[Previously published as a letter to the editor, Leavenworth Times, November 2010]
The Politician’s Handbook
It takes special skills to be a successful politician. Not just anyone can do it properly.
Remember, whatever your party affiliation, success is turning your election into a lifetime career of luxury, at the expense of the taxpayers. To achieve it, follow these rules:
First and foremost, you must believe in yourself. You are infallible — nothing you do or your party does can possibly be wrong or immoral. Likewise, nothing your opponent can do can possibly be right.
You must never answer a question. When asked, answer some other question, not stated, with a statement you’ve prepared to further your cause. A question is just an opportunity to speak. Remember, the person who asks is out to get you. Don’t play his or her game. When finished, pretend your answer directly addressed what the questioner asked.
You must frame your speech carefully, and avoid the precise truth of any matter. Describe things in general terms, the more general, the better. Use terms like progress, hope, change, and The American People.
Blame the other guy. Don’t accept blame, ever. Whatever goes bad, it’s someone else’s fault. Of course, if possible, the blame should go to someone in the other party, but if that doesn’t work, it’s someone else in your party. Just make certain it isn’t you. If you’re in a bad situation, it’s your predecessor’s fault. You’re working your tail off to fix what he/she did.

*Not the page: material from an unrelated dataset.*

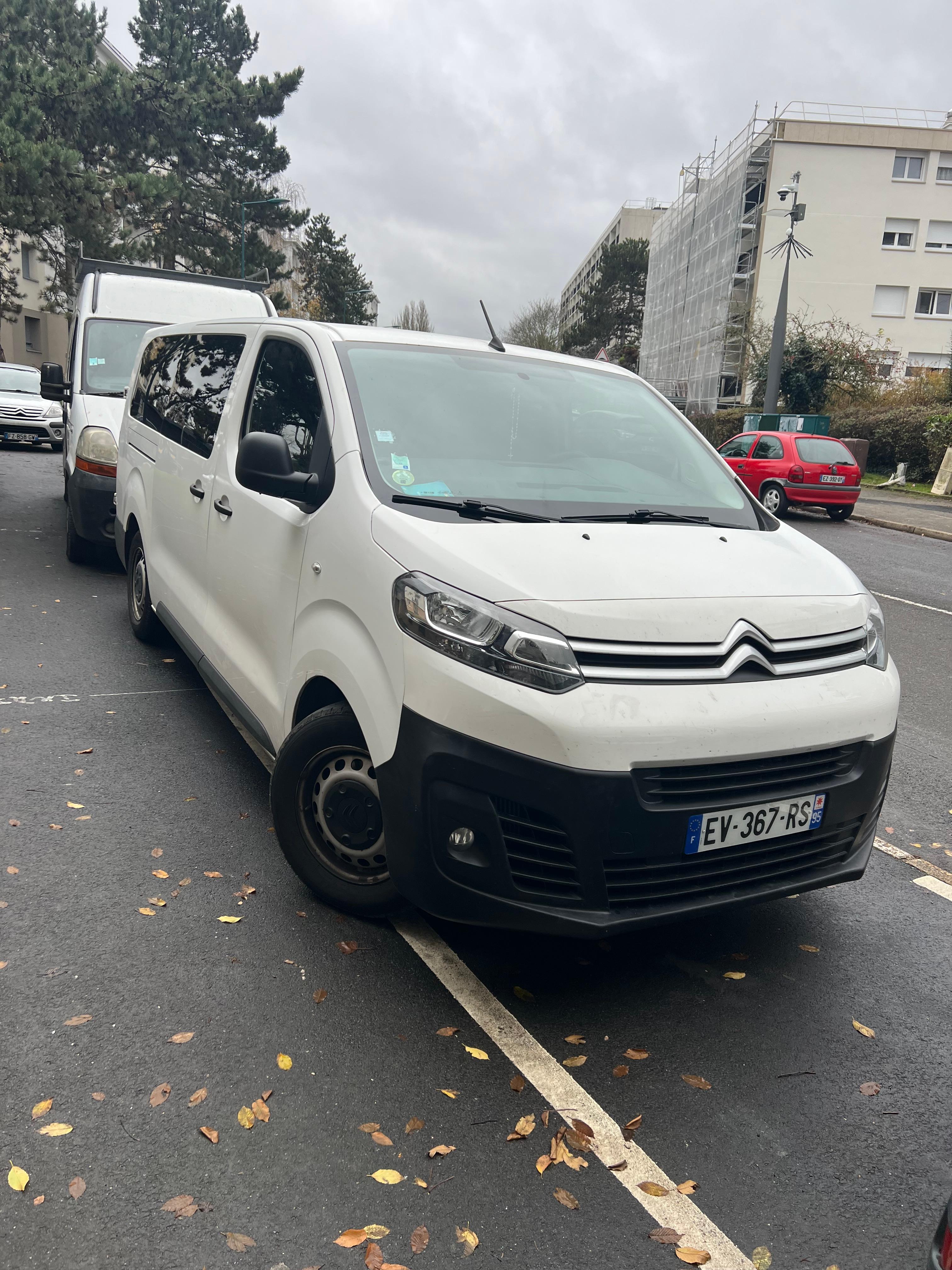 Citroen SPACETOURER 2018 à Pontoise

Conversely, claim credit for anything good that happens. No matter how farfetched, your contribution made the good result possible.
Cast your supporters or potential supporters as victims. Preferably, the other party caused their problems, or refuses to address them. Remember, victims are voters. Get them on your side.
Be selective about facts. In any situation, there is some good. Take credit for that part, and blame others for the bad.
Demonize your opponents, or those who make trouble for you. Describe them as evil, but be smooth about it. Pretend to be objective. Even if you are a lying, cheating scoundrel, you must give the impression of being sincere, truthful, honest, and a good guy. Take acting lessons if necessary.
Look as if you’ve given any subject deep thought. Use John Kerry as an example: whatever you’re asked about, you have a plan to address it. You just never reveal your plan.
Always say the other side needs to be more cooperative. They are resisting progress. Pretend to listen to their ideas, then quietly reject them later. Bipartisanship is good, providing it’s given by the other party.
Use words flexibly. They mean what you want them to mean, not what they really mean. You can always change the meaning later.
Say what the public wants to hear. That’s what gets you elected. Then, whatever you actually did, say you did whatever the public wants you to have done.
Be holier than everyone else. Remember, you are perfect; the other side is evil.
Know your audience. The people in your party believe you, think you’re a good guy. They never catch on. People of the other party know what you’re doing, but they don’t count. It’s the moderates – the confused – whom you must address. They half believe you, but they also half believe your opponent. Never laugh at them, they are the ones you must convince, no matter what it takes.
Finally, remember the people you serve: yourself and those who donate big money to your reelection campaign. Everyone else is irrelevant.
If you follow those simple rules, you can’t go wrong. They work over and over again, fooling more than half the people more than half of the time.